All of this information is also available as a JSON string within a script tag on the product page. 

Scrape Product Data from H&M: The Environment

This code for H&M data extraction requires just two packages:

1. MechanicalSoup: A web scraping library built on top of Python requests and BeautifulSoup, which you must install using pip.

pip install mechanicalsoup

2. json: A module for handling JSON, including saving a dict object to a JSON file, which is available in the Python standard library.

Want to learn more about web scraping libraries? Read this article on Python libraries for web scraping.

Scrape Product Data from H&M: The Code

Start your code to scrape H&M by importing the necessary packages. For MechanicalSoup, you only need to import the StatefulBrowser class.

from mechanicalsoup.stateful_browser import StatefulBrowser
import json

This code will search for a term on H&M’s website and extract details from the results, so you need a search term:

search_keyword = "suits"

Create an object of the StatefulBrowser class; this object will have methods for fetching and parsing. You can also specify which parser to use using the ‘soup_config=’ argument. 

browser = StatefulBrowser(
    soup_config={'features':'lxml'}
)

To ensure that your scraper isn’t blocked, use headers. Store the headers in a dict and update the headers of your MechanicalSoup object using session.headers.update(). 

headers = {'accept': 'text/html,application/xhtml+xml,application/xml;q=0.9,image/webp,image/apng,'
                    '*/*;q=0.8,application/signed-exchange;v=b3;q=0.9',
          'accept-language': 'en-GB;q=0.9,en-US;q=0.8,en;q=0.7',
          'dpr': '1',
          'sec-fetch-dest': 'document',
          'sec-fetch-mode': 'navigate',
          'sec-fetch-site': 'none',
          'sec-fetch-user': '?1',
          'upgrade-insecure-requests': '1',
          'user-agent': 'Mozilla/5.0 (Windows NT 10.0; Win64; x64) '
                        'AppleWebKit/537.36 (KHTML, like Gecko) Chrome/119.0.0.0 Safari/537.36'}
browser.session.headers.update(headers)

Now, fetch H&M’s search results page using the open() method with the URL as an argument, which you can get by visiting H&M and searching for a product. 
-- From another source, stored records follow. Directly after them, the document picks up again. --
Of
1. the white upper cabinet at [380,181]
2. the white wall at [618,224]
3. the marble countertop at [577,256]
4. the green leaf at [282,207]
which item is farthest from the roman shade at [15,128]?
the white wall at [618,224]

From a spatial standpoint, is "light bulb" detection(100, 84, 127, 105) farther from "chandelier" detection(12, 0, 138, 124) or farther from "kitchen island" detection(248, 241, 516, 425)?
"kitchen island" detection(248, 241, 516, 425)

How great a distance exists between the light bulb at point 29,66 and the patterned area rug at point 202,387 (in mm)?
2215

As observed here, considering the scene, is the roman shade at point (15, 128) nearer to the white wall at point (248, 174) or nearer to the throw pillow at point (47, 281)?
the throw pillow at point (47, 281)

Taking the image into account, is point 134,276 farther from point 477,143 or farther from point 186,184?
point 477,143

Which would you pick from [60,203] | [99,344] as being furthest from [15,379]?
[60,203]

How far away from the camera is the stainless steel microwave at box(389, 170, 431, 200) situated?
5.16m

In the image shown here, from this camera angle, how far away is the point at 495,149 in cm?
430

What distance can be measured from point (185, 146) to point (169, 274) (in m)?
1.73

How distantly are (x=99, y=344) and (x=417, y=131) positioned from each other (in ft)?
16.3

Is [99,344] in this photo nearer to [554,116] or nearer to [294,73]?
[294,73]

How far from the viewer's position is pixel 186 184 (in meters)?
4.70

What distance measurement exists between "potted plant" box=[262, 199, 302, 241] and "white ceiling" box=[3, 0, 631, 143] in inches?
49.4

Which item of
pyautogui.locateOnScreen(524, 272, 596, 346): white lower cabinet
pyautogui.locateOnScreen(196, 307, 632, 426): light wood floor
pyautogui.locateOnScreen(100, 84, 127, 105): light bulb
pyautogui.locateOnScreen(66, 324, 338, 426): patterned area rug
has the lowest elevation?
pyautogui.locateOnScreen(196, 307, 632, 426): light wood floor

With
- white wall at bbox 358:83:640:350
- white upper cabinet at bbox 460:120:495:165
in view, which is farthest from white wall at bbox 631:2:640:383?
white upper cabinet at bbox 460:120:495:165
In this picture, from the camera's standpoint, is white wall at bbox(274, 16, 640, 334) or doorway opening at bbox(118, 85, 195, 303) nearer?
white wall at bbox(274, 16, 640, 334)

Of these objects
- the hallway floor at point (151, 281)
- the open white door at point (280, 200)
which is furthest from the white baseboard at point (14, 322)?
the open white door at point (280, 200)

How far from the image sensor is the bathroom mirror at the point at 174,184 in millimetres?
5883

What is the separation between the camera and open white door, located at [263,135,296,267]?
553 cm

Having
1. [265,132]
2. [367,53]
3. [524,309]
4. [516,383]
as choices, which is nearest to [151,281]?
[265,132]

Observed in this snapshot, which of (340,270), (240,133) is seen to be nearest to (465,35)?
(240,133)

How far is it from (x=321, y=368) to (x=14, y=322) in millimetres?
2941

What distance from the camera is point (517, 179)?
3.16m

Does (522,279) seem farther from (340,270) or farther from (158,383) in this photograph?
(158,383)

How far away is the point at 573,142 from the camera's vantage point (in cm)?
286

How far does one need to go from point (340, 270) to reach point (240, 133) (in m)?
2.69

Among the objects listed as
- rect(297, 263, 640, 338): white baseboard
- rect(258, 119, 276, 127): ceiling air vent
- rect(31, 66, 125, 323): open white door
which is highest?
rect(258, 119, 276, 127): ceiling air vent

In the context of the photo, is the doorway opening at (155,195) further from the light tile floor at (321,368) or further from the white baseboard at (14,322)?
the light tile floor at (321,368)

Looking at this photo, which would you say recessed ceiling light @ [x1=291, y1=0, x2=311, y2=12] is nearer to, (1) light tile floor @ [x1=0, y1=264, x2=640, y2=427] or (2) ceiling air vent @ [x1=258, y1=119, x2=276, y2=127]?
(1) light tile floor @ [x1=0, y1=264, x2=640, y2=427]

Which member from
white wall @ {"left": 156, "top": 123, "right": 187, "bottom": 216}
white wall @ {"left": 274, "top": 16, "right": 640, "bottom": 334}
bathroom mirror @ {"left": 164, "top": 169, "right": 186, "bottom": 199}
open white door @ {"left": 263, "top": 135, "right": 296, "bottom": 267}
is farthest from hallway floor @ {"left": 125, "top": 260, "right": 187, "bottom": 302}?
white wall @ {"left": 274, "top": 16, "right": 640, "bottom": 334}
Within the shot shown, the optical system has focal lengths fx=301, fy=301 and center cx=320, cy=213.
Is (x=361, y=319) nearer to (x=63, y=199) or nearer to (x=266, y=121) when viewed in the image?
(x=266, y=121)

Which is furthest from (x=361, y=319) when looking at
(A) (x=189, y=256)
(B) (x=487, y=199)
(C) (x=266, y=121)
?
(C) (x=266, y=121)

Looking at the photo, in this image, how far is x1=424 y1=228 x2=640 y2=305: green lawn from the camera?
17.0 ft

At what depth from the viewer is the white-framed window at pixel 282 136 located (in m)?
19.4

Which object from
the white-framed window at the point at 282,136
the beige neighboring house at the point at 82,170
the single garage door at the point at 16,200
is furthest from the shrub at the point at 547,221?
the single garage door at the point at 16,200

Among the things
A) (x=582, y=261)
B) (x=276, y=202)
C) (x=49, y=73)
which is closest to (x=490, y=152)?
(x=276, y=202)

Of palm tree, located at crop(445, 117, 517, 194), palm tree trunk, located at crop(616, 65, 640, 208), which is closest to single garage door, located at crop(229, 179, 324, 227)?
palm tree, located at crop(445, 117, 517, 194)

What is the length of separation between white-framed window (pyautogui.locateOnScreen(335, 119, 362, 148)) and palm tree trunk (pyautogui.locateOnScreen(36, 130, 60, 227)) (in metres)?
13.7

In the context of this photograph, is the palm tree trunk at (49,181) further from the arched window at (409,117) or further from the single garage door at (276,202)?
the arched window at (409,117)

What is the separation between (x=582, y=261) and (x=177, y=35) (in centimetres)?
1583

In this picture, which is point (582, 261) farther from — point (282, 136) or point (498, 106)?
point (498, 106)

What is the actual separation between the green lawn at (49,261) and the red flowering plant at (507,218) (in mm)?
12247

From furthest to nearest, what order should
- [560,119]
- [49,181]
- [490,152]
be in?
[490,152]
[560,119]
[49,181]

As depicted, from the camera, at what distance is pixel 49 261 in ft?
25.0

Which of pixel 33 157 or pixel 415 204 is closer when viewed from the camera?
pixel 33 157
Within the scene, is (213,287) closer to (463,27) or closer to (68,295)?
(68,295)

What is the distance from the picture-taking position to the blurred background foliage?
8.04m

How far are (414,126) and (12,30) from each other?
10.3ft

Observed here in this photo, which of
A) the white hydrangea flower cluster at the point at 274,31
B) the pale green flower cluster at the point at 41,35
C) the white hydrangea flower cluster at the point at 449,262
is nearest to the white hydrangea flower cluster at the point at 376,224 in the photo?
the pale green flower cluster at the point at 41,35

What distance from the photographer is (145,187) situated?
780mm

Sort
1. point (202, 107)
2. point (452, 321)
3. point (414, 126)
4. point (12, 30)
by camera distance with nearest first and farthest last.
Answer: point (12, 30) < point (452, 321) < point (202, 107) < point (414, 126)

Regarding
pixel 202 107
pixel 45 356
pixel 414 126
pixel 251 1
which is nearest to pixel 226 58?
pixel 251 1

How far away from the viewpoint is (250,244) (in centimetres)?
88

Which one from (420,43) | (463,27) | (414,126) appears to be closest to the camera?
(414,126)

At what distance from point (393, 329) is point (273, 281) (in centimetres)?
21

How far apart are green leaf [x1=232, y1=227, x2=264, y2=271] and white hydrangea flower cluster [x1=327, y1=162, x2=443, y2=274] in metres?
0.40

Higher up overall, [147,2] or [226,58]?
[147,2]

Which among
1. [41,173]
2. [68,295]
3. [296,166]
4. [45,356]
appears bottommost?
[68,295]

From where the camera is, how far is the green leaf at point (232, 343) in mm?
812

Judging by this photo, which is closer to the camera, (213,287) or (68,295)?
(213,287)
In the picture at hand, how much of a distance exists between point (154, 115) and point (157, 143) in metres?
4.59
Use an f-string to replace the search term in the URL with the variable defined earlier.

browser.open(f'https://www2.hm.com/en_us/search-results.html?q={search_keyword}')

If the request is successful, MechanicalSoup will fetch and parse the HTML code of the search results page. You can access this parsed page through the page attribute.

soup = browser.page

This parsed object is a BeautifulSoup tag, allowing you to use BeautifulSoup’s methods; this means you can find the script tag containing the product data as JSON using the find() method.
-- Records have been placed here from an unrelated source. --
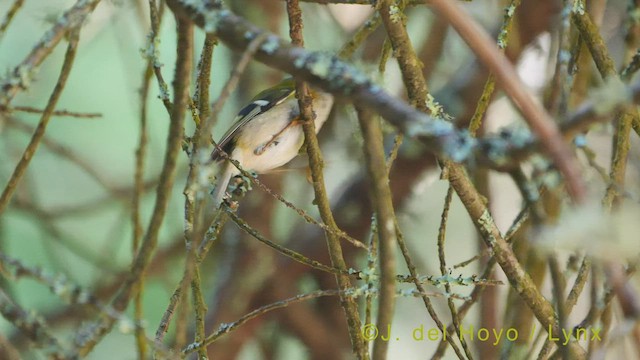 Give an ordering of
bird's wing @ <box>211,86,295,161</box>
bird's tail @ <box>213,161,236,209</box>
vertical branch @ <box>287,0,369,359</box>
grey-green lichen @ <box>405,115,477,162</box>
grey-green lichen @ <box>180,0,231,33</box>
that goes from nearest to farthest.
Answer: grey-green lichen @ <box>405,115,477,162</box> < grey-green lichen @ <box>180,0,231,33</box> < vertical branch @ <box>287,0,369,359</box> < bird's tail @ <box>213,161,236,209</box> < bird's wing @ <box>211,86,295,161</box>

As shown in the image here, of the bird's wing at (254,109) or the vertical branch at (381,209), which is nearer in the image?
the vertical branch at (381,209)

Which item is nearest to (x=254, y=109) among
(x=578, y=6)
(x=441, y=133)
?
(x=578, y=6)

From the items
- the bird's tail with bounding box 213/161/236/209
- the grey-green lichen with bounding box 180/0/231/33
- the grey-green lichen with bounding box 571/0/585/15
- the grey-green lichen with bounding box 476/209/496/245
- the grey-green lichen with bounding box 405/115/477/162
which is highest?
the bird's tail with bounding box 213/161/236/209

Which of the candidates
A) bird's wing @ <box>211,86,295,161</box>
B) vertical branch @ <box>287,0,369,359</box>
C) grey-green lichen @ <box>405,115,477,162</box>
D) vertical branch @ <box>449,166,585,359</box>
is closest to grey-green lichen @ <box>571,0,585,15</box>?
vertical branch @ <box>449,166,585,359</box>

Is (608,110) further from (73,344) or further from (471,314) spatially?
(471,314)

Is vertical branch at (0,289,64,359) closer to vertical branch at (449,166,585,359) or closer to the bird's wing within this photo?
vertical branch at (449,166,585,359)

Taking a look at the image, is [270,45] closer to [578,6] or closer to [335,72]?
[335,72]

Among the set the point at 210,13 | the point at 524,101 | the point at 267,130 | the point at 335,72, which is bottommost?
the point at 524,101

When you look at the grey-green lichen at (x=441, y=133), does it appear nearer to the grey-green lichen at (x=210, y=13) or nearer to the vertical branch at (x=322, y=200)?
the grey-green lichen at (x=210, y=13)

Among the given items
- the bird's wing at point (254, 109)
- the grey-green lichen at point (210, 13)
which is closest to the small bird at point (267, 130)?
the bird's wing at point (254, 109) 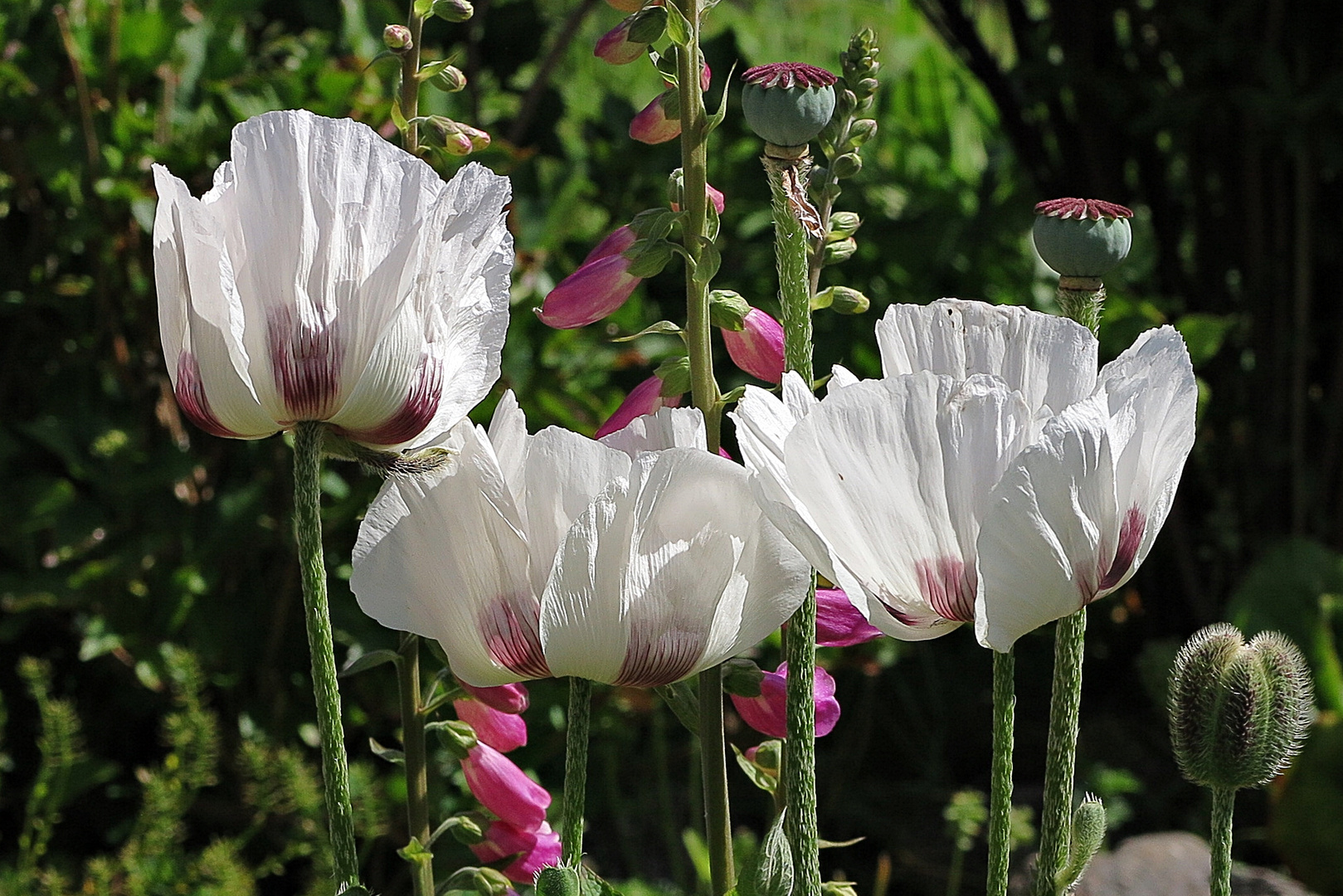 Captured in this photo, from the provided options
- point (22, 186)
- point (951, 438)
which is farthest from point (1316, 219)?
point (951, 438)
product_script = soup.find('script',{'id':'__NEXT_DATA__'}).text

You can now parse the JSON string using the json module, allowing you to navigate keys and values.

product_json = json.loads(product_script)

Navigate through this parsed JSON data to get URLs and prices of products listed on the search results page.

products = product_json['props']['pageProps']['srpProps']['hits']

product_details = [[product['pdpUrl'], product['regularPrice']] for product in products]

Define a list to store data extracted from H&M:

all_product_data = []

Now, you can iterate through this list. In each iteration: 

1. Make an HTTP request to each product’s URL

browser.open(product[0])

2. Get the parsed data through the page attribute.

souplet = browser.page

3. Extract and parse the JSON string.

script = souplet.find('script', {'id': '__NEXT_DATA__'}).text
json_data = json.loads(script)

4. Extract the required details and save them in a dict.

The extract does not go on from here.